Crawled caption data
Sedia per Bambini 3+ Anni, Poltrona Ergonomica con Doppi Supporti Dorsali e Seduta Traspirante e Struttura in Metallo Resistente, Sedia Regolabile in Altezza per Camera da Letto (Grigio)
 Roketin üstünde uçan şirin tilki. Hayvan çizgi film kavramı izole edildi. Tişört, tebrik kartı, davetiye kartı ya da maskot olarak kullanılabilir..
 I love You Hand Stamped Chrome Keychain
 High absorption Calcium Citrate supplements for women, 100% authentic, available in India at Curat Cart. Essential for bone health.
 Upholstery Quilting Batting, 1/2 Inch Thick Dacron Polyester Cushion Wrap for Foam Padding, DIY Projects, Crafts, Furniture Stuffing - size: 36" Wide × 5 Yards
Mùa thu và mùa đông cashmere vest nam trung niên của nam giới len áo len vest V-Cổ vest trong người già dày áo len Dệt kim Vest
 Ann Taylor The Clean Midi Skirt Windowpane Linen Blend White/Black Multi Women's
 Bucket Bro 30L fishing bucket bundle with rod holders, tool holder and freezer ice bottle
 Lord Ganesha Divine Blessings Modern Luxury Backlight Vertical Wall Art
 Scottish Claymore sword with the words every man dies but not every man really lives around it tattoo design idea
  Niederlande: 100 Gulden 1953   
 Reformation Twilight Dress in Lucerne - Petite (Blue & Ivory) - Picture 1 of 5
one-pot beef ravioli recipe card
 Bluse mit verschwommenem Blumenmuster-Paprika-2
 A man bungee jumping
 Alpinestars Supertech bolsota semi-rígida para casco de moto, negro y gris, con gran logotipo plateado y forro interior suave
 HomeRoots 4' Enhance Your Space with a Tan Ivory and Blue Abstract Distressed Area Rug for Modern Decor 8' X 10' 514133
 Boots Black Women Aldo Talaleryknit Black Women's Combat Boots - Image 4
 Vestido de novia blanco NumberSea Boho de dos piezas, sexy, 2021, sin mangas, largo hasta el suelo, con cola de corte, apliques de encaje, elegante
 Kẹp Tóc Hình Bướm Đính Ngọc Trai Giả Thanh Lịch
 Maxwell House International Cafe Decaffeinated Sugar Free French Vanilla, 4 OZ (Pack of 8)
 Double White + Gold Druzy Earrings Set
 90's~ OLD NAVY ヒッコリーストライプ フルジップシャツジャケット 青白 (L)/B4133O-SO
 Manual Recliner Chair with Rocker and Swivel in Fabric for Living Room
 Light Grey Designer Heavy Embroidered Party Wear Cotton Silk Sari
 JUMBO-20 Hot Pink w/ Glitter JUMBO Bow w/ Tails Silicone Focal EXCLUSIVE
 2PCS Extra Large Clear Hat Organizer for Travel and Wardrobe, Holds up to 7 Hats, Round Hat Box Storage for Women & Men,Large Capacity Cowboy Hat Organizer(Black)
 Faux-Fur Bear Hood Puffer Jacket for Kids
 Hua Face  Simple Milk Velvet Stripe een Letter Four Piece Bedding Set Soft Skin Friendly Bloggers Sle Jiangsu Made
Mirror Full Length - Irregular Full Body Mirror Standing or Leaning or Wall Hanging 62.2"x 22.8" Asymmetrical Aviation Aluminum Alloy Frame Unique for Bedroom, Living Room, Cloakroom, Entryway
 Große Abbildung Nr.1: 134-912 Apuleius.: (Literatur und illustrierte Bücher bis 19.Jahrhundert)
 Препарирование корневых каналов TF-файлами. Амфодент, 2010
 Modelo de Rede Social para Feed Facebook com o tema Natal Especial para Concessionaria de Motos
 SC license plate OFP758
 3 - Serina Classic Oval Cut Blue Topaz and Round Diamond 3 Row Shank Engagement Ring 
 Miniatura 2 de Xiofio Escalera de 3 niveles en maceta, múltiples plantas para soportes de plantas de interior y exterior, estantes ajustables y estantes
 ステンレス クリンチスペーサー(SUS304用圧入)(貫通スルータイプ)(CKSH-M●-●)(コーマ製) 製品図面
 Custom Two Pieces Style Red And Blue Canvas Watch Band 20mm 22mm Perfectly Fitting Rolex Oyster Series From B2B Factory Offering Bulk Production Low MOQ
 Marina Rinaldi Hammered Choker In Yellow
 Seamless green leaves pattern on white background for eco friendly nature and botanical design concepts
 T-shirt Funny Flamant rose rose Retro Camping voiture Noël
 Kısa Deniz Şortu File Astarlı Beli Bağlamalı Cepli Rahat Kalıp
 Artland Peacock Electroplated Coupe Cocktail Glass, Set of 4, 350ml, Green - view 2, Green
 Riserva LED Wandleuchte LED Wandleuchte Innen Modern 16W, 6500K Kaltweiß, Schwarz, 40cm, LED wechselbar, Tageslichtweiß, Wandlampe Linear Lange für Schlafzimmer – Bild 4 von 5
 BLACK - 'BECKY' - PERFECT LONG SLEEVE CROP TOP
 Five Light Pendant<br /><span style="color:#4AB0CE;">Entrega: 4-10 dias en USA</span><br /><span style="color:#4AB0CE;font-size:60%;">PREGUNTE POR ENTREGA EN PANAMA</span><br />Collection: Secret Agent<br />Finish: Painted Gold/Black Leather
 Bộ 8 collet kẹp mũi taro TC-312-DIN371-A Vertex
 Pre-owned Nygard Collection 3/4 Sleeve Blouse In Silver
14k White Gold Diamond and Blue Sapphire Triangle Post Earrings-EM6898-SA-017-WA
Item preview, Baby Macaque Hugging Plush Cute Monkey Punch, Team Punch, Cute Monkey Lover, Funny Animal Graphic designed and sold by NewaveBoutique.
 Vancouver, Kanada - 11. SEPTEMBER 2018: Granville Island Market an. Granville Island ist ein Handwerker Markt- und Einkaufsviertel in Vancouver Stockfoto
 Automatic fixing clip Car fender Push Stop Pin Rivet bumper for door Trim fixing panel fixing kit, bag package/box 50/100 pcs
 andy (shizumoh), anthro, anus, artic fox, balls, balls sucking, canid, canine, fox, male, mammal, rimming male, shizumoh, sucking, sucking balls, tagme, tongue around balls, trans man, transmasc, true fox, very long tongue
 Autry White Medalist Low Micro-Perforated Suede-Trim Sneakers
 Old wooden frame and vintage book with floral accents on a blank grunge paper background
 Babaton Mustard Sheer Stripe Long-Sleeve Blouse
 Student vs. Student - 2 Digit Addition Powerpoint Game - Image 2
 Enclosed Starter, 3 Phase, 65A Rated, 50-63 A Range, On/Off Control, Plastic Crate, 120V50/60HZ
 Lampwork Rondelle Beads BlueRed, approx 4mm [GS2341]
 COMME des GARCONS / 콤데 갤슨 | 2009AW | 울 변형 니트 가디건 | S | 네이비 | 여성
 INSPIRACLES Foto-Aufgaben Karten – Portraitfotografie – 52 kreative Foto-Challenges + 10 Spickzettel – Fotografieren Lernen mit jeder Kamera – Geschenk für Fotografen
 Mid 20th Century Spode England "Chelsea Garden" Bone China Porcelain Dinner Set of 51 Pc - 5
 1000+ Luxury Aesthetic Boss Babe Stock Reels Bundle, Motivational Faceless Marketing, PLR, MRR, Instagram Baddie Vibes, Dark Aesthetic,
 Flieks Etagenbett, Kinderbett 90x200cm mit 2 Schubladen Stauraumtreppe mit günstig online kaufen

**What to produce**
Beginning at the first line of the records, retype exactly every line up to and including the one with "Boots Black Women".

**The answer**
Sedia per Bambini 3+ Anni, Poltrona Ergonomica con Doppi Supporti Dorsali e Seduta Traspirante e Struttura in Metallo Resistente, Sedia Regolabile in Altezza per Camera da Letto (Grigio)
 Roketin üstünde uçan şirin tilki. Hayvan çizgi film kavramı izole edildi. Tişört, tebrik kartı, davetiye kartı ya da maskot olarak kullanılabilir..
 I love You Hand Stamped Chrome Keychain
 High absorption Calcium Citrate supplements for women, 100% authentic, available in India at Curat Cart. Essential for bone health.
 Upholstery Quilting Batting, 1/2 Inch Thick Dacron Polyester Cushion Wrap for Foam Padding, DIY Projects, Crafts, Furniture Stuffing - size: 36" Wide × 5 Yards
Mùa thu và mùa đông cashmere vest nam trung niên của nam giới len áo len vest V-Cổ vest trong người già dày áo len Dệt kim Vest
 Ann Taylor The Clean Midi Skirt Windowpane Linen Blend White/Black Multi Women's
 Bucket Bro 30L fishing bucket bundle with rod holders, tool holder and freezer ice bottle
 Lord Ganesha Divine Blessings Modern Luxury Backlight Vertical Wall Art
 Scottish Claymore sword with the words every man dies but not every man really lives around it tattoo design idea
  Niederlande: 100 Gulden 1953   
 Reformation Twilight Dress in Lucerne - Petite (Blue & Ivory) - Picture 1 of 5
one-pot beef ravioli recipe card
 Bluse mit verschwommenem Blumenmuster-Paprika-2
 A man bungee jumping
 Alpinestars Supertech bolsota semi-rígida para casco de moto, negro y gris, con gran logotipo plateado y forro interior suave
 HomeRoots 4' Enhance Your Space with a Tan Ivory and Blue Abstract Distressed Area Rug for Modern Decor 8' X 10' 514133
 Boots Black Women Aldo Talaleryknit Black Women's Combat Boots - Image 4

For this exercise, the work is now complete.